Als Tonassistent arbeitete bei solchen Projekten oft ein hünenhafter Kubaner mit, der mit dem schönen Namen „Lenin“ gesegnet ist und dessen schlohweißes Haar wunderbar kontrastiert zur typisch kubanischen Hautfarbe „kaffeebraun“.
Die Menschen, von denen wir das Haus in Wermelskirchen gekauft haben, in dem wir seit 32 Jahren leben, sind eine iranisch-deutsche Mischfamilie, deren ältester Sohn „Amir“ heißt und selbstverständlich Deutscher ist. Meine Lederjacke habe ich neulich bei einem Änderungsschneider aufarbeiten lassen, der ursprünglich aus einem der Nachfolgestaaten Jugoslawiens stammt, seit langer Zeit aber hier in Wermelskirchen heimisch ist.
Eines meiner Lieblingsrestaurants in meiner Heimatstadt ist „der Grieche“, Waios, den hier wirklich jeder kennt, weil er ein so ungeheuer freundlicher, stets lächelnder Zeitgenosse ist. Eine andere Stätte besonderer Gastlichkeit nennt sich „ToscAnna“ und wird von Anna und Emidio Fanelli betrieben. Wie ihre Namen verraten, sind sie keine „Bio-Deutschen“, wie Nationalkonservative und Rechte das mittlerweile formulieren.
Das Display meines Handys habe ich kürzlich in der Telegrafenstraße bei einem türkischstämmigen Händler reparieren lassen. Eine Zeit lang hat uns eine Frau geholfen, unser Haus sauber zu halten, die aus Polen stammt. Bulbul, mein junger Freund aus Bangladesch, mittlerweile anerkannter Flüchtling, hat uns bei der Renovierung unseres Wohnzimmers einen großen Freundschaftsdienst geleistet und die Wände gestrichen.

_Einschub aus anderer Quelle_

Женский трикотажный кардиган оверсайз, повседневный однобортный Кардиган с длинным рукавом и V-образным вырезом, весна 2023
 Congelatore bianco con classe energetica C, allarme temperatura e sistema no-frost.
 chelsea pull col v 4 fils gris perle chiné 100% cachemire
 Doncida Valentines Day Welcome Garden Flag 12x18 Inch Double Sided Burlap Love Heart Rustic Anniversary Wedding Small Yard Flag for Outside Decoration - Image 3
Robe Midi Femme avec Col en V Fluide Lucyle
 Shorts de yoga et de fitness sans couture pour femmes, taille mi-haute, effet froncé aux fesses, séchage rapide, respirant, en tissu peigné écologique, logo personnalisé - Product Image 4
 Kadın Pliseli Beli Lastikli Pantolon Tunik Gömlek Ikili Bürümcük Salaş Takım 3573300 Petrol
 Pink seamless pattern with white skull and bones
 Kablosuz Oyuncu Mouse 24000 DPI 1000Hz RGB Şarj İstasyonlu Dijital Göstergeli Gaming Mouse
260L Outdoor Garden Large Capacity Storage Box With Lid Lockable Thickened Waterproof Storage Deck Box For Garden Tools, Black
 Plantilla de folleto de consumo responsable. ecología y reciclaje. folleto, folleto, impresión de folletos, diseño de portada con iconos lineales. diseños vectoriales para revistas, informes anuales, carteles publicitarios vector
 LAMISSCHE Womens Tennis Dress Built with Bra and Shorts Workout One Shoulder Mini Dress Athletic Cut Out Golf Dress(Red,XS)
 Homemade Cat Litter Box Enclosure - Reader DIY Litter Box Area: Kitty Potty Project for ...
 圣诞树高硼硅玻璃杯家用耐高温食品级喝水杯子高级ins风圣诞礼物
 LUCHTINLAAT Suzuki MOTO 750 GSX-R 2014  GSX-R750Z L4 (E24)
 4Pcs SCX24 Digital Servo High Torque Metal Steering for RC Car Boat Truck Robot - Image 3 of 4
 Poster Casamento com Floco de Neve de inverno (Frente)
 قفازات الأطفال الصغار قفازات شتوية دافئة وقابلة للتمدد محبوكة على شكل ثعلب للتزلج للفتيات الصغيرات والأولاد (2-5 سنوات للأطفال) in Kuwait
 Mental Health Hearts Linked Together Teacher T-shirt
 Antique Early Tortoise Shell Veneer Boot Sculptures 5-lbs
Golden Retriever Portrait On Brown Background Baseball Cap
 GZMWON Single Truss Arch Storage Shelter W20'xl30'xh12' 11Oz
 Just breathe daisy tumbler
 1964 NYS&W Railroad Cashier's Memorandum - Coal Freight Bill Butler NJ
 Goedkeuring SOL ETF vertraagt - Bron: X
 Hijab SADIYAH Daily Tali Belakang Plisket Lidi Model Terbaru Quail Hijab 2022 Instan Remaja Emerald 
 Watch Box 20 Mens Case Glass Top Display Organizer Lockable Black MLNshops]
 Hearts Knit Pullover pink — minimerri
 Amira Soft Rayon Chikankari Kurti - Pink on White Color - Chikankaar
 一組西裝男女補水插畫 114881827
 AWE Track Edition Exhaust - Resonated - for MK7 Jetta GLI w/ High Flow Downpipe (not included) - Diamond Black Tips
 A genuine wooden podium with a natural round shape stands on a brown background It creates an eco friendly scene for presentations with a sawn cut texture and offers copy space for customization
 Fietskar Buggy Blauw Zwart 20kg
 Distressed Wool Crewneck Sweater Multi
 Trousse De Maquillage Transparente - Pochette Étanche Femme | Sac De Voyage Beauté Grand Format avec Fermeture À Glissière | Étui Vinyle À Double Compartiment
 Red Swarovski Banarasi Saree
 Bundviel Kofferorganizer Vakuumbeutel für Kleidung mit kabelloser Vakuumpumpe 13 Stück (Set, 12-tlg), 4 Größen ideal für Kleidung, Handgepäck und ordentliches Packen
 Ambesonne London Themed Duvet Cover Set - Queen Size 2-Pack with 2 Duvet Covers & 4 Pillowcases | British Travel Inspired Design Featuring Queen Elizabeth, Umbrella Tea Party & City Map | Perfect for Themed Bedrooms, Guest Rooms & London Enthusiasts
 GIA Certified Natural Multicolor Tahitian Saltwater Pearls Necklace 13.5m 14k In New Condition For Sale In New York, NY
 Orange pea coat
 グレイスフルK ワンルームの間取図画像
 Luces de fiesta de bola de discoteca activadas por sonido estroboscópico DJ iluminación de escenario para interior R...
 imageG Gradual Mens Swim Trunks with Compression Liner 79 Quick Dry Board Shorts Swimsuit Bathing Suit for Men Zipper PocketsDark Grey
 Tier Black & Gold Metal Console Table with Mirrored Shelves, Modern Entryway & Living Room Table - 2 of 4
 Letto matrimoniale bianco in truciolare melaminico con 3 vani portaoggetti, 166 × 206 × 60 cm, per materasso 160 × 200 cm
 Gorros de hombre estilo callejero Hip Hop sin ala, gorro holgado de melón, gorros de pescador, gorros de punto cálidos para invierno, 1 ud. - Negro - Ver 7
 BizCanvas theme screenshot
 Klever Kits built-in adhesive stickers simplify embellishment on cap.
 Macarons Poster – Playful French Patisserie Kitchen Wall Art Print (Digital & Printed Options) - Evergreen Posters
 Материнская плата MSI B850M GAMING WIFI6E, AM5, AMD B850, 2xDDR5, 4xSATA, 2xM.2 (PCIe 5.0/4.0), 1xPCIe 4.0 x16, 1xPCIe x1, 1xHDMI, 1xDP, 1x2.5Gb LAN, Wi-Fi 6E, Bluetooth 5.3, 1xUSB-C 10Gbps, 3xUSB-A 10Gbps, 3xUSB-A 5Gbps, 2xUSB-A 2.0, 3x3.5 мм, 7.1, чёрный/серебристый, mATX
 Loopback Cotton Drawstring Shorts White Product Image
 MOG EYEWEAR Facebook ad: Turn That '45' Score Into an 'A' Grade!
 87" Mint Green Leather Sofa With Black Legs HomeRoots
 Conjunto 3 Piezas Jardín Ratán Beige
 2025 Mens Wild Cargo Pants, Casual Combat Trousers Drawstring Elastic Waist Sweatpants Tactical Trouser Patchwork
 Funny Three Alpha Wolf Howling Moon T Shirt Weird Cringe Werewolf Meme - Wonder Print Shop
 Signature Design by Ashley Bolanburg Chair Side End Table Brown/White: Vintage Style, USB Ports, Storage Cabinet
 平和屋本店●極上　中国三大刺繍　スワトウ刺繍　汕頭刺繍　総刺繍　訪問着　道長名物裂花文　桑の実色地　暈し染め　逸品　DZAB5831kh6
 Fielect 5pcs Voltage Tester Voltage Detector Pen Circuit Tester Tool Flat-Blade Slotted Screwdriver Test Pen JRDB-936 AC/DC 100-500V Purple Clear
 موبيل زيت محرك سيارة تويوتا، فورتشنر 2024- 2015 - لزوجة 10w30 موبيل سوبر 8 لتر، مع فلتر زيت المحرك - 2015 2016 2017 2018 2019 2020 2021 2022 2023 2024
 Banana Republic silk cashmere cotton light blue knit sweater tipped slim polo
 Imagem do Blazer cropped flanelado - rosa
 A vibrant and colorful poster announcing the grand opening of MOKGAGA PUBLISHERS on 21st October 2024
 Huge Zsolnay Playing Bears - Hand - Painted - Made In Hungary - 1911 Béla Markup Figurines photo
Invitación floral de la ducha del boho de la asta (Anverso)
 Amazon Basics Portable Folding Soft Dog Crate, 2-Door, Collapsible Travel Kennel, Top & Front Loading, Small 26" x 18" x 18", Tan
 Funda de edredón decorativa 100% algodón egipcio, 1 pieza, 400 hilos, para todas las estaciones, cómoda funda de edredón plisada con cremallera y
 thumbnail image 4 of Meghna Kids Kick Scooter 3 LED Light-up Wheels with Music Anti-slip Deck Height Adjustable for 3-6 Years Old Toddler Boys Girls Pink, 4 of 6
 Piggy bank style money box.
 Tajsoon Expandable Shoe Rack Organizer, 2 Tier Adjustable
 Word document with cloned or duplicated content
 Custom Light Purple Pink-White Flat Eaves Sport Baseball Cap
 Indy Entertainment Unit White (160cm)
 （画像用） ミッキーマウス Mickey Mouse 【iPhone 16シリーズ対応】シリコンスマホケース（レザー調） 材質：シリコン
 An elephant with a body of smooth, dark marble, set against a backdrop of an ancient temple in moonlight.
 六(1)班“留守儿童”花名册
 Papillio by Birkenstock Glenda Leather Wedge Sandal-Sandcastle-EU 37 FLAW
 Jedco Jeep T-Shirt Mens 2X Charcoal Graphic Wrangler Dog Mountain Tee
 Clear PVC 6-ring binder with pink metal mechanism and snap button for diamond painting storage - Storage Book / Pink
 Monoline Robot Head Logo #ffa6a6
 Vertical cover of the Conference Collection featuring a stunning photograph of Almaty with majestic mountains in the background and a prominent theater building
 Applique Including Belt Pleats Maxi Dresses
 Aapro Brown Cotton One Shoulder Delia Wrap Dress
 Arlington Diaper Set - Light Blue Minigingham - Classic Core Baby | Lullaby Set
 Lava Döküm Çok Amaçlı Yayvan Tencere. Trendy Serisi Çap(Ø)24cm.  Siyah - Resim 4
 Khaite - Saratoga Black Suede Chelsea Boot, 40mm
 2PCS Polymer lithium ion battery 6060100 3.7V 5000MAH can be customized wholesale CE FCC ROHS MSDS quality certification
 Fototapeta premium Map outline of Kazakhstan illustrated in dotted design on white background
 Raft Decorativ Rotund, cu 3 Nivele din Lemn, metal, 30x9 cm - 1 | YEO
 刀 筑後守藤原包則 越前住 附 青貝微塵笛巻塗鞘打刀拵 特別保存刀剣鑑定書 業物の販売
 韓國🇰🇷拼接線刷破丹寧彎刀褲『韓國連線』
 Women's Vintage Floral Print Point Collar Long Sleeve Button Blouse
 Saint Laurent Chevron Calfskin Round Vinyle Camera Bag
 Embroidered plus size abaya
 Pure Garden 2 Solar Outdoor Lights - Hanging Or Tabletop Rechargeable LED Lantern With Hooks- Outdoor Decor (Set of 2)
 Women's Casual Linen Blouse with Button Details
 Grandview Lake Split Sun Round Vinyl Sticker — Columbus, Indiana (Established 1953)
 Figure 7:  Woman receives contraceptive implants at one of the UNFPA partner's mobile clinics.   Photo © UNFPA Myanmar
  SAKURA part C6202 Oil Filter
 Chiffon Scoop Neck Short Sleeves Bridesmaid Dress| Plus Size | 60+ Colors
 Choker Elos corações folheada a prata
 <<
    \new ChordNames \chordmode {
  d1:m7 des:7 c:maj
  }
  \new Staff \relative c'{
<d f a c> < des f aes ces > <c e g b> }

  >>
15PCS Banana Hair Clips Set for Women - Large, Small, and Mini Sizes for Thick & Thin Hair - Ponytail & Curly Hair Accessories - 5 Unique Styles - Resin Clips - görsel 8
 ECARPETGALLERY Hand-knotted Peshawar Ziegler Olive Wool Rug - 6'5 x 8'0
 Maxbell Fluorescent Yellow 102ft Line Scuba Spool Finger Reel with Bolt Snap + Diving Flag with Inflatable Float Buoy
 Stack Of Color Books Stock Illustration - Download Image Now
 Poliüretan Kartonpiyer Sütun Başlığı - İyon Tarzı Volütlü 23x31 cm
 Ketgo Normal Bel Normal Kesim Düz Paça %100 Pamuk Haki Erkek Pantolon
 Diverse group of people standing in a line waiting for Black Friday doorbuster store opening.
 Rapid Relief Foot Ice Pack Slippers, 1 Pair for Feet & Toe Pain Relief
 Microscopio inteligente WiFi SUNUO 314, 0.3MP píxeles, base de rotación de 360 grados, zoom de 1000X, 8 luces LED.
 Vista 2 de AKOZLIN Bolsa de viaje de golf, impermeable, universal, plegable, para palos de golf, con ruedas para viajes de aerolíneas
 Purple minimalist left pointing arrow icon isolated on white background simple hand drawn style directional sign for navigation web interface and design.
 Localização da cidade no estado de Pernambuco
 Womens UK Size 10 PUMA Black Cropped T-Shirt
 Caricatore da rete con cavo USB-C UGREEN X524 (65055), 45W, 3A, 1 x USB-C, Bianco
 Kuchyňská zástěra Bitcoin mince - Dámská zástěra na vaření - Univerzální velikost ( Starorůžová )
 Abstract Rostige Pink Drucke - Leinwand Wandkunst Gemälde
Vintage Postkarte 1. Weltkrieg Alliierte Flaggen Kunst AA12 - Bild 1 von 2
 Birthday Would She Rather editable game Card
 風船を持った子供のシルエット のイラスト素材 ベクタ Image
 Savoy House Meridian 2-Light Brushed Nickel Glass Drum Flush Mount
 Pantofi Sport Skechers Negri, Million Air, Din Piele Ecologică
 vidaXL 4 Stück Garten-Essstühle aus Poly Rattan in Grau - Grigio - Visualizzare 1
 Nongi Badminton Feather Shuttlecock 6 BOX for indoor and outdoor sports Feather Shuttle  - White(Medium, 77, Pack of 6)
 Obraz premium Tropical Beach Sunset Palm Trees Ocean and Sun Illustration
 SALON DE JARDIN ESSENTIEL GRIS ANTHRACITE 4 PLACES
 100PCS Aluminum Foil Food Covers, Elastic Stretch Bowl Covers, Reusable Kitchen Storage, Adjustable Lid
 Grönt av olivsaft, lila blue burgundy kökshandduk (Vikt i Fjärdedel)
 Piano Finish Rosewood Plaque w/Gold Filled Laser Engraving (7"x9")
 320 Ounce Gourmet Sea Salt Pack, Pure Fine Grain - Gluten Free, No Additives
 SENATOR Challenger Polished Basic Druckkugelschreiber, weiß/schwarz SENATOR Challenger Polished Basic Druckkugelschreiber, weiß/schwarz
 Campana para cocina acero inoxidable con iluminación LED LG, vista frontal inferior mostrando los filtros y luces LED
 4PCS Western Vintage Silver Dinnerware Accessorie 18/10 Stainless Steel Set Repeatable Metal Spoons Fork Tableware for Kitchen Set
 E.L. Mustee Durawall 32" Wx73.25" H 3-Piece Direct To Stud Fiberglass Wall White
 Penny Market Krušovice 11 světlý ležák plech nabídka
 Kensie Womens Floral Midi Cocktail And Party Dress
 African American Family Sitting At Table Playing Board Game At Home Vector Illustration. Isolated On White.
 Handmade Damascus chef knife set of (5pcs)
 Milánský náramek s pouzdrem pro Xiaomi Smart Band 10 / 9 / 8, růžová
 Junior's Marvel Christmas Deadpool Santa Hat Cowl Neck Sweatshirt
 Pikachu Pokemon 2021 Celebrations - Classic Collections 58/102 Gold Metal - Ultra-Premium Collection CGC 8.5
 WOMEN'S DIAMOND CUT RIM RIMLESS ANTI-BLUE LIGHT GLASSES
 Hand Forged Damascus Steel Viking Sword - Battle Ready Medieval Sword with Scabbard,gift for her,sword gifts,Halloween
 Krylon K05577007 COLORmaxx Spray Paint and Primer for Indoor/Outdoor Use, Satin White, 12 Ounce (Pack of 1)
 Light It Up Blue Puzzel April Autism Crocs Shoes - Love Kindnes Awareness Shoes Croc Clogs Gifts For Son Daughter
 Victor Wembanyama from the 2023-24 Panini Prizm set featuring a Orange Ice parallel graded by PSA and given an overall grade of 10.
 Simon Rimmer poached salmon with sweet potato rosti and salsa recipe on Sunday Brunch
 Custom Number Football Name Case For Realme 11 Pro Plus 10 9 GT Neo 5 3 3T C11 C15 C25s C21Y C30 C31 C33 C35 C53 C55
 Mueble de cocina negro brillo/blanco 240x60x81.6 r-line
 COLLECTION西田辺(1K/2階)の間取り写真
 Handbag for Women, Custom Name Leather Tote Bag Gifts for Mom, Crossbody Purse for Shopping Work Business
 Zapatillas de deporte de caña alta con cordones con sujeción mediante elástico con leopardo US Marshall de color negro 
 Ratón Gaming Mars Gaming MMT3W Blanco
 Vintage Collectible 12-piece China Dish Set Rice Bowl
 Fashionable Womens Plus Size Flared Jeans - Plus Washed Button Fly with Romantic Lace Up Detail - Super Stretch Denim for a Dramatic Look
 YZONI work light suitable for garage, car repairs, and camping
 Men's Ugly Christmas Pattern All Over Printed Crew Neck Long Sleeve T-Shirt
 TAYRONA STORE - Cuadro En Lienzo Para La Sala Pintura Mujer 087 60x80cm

Der beste Freund meines Sohnes hat in England sein Abitur gemacht und dort studiert. Ich habe Filme gedreht in Russland und der Türkei, in Griechenland oder Frankreich. Die Töchter meines alten Freundes und ehemaligen Arbeitskollegen Hannes haben in Kanada und Neuseeland gelebt, dort studiert und einen Hochschulabschluß erworben.
Mein Freund Kay lebt und arbeitet seit einigen Wochen in Paris als Journalist. Vor ein paar Jahren hatte er sein Domizil in Brüssel aufgeschlagen, hernach in Berlin. Meine Nichte hat in Kanada nach kanadischem Recht geheiratet. In meinem Lieblingsfußballverein, dem SV 09/35 Wermelskirchen, kicken seit jeher neben deutschen Spielern auch solche aus der Türkei, Spanien, Jugoslawien, aus Polen oder Albanien, aus allen möglichen europäischen Ländern. Kosta war einst einer dieser Kicker und ist heute stadtbekannter Gastwirt mit ungeheurem Zulauf. Heute Morgen hat mir ein aus der Ukraine stammender Bote eine Bestellung ausgeliefert, die mich aus den USA erreicht.
Menschen verlassen ihre Heimat, überschreiten die Grenzen ihres Landes und betreten Neuland. Aus sehr vielen unterschiedlichen Gründen. Immer. Immer wieder. Und sie werden heimisch. Hier. Und anderswo. Das war schon seit jeher so und das wird auch so bleiben. Gottlob. Gibt es wirklich etwas Normaleres als der beständige Kontakt mit Menschen, die nicht in diesem schönen Land geboren wurden, hier aber ihre Heimat gefunden haben? Kann ich Menschen Hilfe verweigern, weil sie nicht „von hier“ sind, ohne jeden Anstand zu verlieren? Man muß sich nicht unbedingt engagieren, etwa in der ehrenamtlichen Flüchtlingsbetreuung. Auf jeden Fall aber muß man sich seine Menschlichkeit bewahren. Immer. Damit ist viel geholfen.